All of these factors have created a chasm in society where people are looking for options. Some are seeking integrative medicine approaches. Others are looking for energy medicine. Others are seeking mind-body-soul experiences. Regardless of the path, many people are searching for a broader definition of health and healing.

I have often wondered how to take things that I personally believe in—things that are low-risk and potentially beneficial—and thoughtfully incorporate those elements into my Direct Primary Care practice.

Recently, we started offering sound healing in our practice, something I never necessarily envisioned years ago. Sound healing has roots in traditions such as Nada Yoga, which derives from South Asia. While some people may take these practices to the level of claiming they cure disease, I tend to view them differently. At a minimum, I see sound as a tool to help activate the parasympathetic nervous system and encourage a rest-and-rejuvenate response within the body.

As someone who has also learned acupuncture in a limited capacity, I have seen firsthand how fascinating a tool it can be. What has been especially rewarding is being able to take personal elements that I once took for granted and thoughtfully bring them into my practice.

As someone who has been exposed to Ayurveda, yoga, meditation, acupuncture, energy healing, and other traditions, I have found that, as I have evolved as a physician, I have begun to weave many of these elements together into my practice philosophy.

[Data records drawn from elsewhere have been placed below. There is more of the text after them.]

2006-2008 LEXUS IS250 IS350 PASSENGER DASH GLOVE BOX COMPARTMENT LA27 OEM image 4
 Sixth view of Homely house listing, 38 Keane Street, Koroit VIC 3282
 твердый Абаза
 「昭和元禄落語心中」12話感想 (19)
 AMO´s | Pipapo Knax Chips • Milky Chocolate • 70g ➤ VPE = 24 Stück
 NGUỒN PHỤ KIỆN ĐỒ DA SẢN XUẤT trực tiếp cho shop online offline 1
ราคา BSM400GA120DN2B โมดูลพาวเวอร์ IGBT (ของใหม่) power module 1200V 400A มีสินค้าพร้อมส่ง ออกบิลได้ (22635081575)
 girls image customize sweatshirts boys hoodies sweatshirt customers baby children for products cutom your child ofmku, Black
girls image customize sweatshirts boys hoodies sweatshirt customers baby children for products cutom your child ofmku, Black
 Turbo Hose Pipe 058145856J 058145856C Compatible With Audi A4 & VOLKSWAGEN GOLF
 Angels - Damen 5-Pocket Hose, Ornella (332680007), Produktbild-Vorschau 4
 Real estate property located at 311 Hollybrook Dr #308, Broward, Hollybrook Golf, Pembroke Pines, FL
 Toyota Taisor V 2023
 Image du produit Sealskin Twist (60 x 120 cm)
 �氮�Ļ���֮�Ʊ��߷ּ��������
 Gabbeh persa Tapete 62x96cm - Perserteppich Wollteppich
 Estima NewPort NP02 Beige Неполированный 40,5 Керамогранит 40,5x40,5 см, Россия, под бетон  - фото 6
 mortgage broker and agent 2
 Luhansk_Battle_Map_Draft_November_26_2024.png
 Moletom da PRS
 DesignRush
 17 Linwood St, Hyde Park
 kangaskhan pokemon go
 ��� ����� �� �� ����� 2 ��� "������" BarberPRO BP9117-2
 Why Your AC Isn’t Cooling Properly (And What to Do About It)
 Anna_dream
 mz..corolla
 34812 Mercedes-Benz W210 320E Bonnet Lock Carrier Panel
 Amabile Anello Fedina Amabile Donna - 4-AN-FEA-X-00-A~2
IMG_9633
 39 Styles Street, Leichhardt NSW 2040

That does not mean abandoning science or evidence-based medicine. Rather, it means acknowledging that not everything we do has a double-blind, placebo-controlled trial behind it. We are taught throughout our training to critically appraise the medical literature. If every study were perfect, we would not spend years learning to question methodology, analyze data, identify bias, and evaluate whether study populations truly apply to the patients sitting in front of us.

I think there is also a role for lived experience and observation, particularly when there is minimal risk of harm. Certainly, some supplements can have interactions and adverse effects, and those deserve careful consideration. But there is also a vast set of modalities—including meditation, yoga, sound healing, acupressure, tai chi, qigong, and many others—that may offer meaningful benefits and deserve thoughtful exploration.

My reflection today as a Direct Primary Care physician is that not only do I get to provide individualized care, but I also get to bring elements of my own individuality into my practice.

As I answered the patient’s question about what makes me different as a doctor, it gave me an opportunity to reflect and better articulate my identity and belief system as a physician.

All too often, we spend time articulating our practices, but this was a chance for me to articulate my philosophy as a physician: a blender. Someone who takes different schools of thought, different traditions, and different perspectives, evaluates the risks and benefits, and thoughtfully puts them together in a way that feels authentic to what I believe.

Perhaps that is what makes this stage of my career so rewarding—not simply practicing medicine, but practicing it in a way that feels increasingly aligned with who I am.